Foto: dpa

Gäubahn: Grube sieht Vorteile - Fahrzeiten zum Flughafen teils kürzer - Kritik aus Ministerium.

Böblingen - Bahn-Chef Rüdiger Grube hat am Samstag zusammen mit Landräten in Böblingen und Tuttlingen für Stuttgart 21 geworben. Das Projekt bringe auch für die Gäubahn nach Singen Vorteile. Das Verkehrsministerium teilt die Lobeshymne nicht.

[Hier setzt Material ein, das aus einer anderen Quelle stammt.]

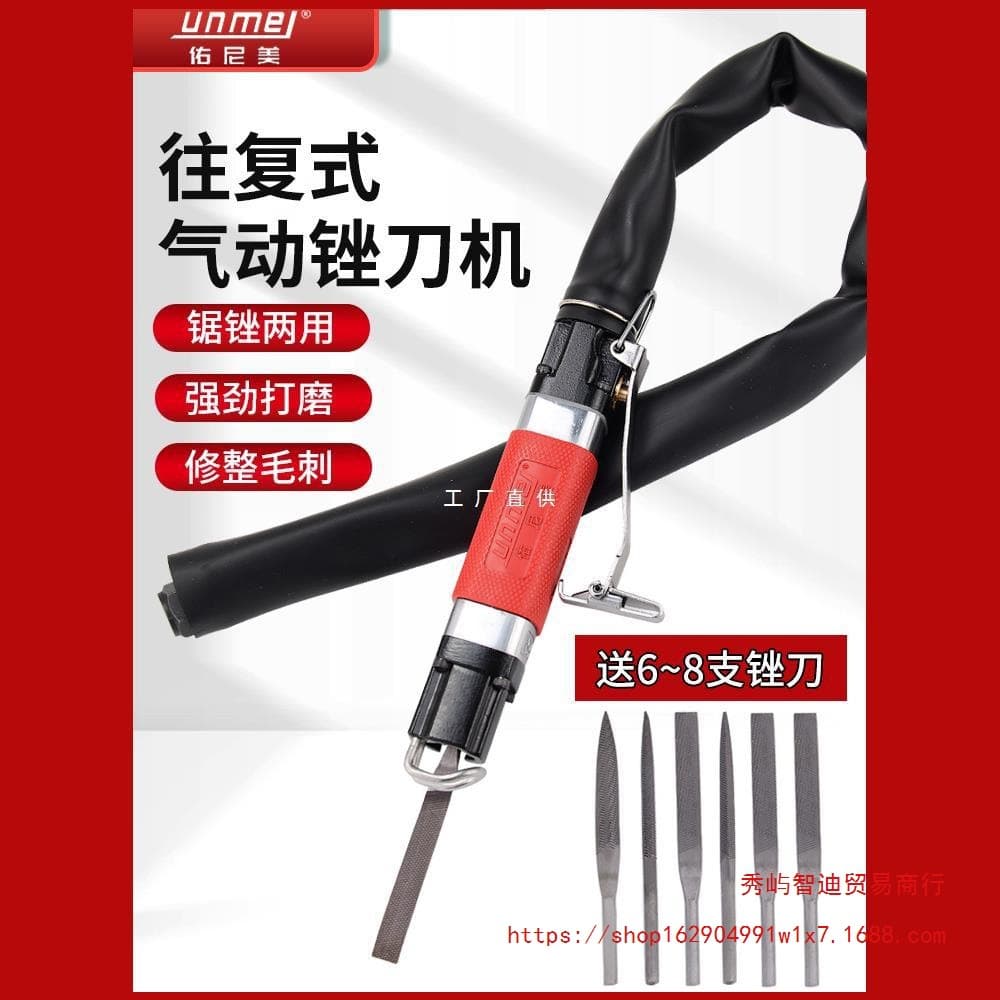 Younimei Pneumatic File, Air File Reciprocating File Machine, Grinder Polisher Metal Burr Remover Pneumatic Saw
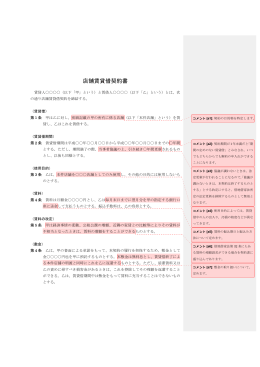 店舗賃貸借契約書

Es warnt davor, mit Stuttgart 21 einen Engpass in die Gäubahn zu bauen.

Die Landräte in Baden-Württemberg versprechen sich viel von Stuttgart21. "Wir wollen, dass die Bevölkerung am 27. November für das Projekt stimmt", sagte Helmut Jahn, der Präsident des Landkreistages, bei einer Pressekonferenz im Böblinger Landratsamt. Die Verwaltungschefs der Kreise würden sich mit ihrer Meinung "nicht zurückhalten", so Jahn, "es gibt keinen Maulkorb, auch wenn die Regierung das will". Es gelte, mit Stuttgart 21 die Zukunft des Schienenverkehrs im ländlichen Raum zu sichern.

Wie das mit dem Projekt funktionieren soll, versuchte Bahn-Chef Rüdiger Grube zu verdeutlichen. Stuttgart 21 umfasst eine neue Strecke von Stuttgart-Feuerbach bis Wendlingen. Dazwischen liegen der neue achtgleisige Durchgangsbahnhof in der Landeshauptstadt und ein Haltepunkt am Flughafen. Für die Reisenden auf der Strecke Singen-Stuttgart sieht das Projekt in Stuttgart-Rohr den Schwenk der Gäubahn auf die bestehenden S-Bahn-Gleise in Richtung Flughafen vor. Das alte zweigleisige Stück Gäubahn durch Stuttgart wird abgehängt. Vom Flughafen aus biegt die Gäubahn in den neuen Fildertunnel in Richtung Stuttgarter Talkessel ab.

Die neue Linienführung bringe "den direkten Anschluss von Flughafen und Messe", sagte Grube. Die Fahrzeit zum Beispiel von Tuttlingen zum Flughafen verkürze sich um 66 Minuten. Grube: "Wenn das kein Vorteil ist!" Parallel zu Stuttgart21, das bis 2020 für maximal 4,5 Milliarden Euro gebaut sein soll, werde die eingleisige Gäubahn auf drei Abschnitten zweigleisig. Dazu müsste der Bund allerdings bis 2020 genügend Geld zur Verfügung stellen, und die Bahn müsste zügig planen. Zwischen Horb und Neckarhausen tut sie es jetzt - mit Hilfe des Landes, das 800 000 Euro Planungskosten vorfinanziert. "Ich engagiere mich für Gäubahn, Südbahn und Rheintalbahn genauso wie für Stuttgart21", versprach der Bahn-Chef den Landräten, Geld aus Berlin zu sichern.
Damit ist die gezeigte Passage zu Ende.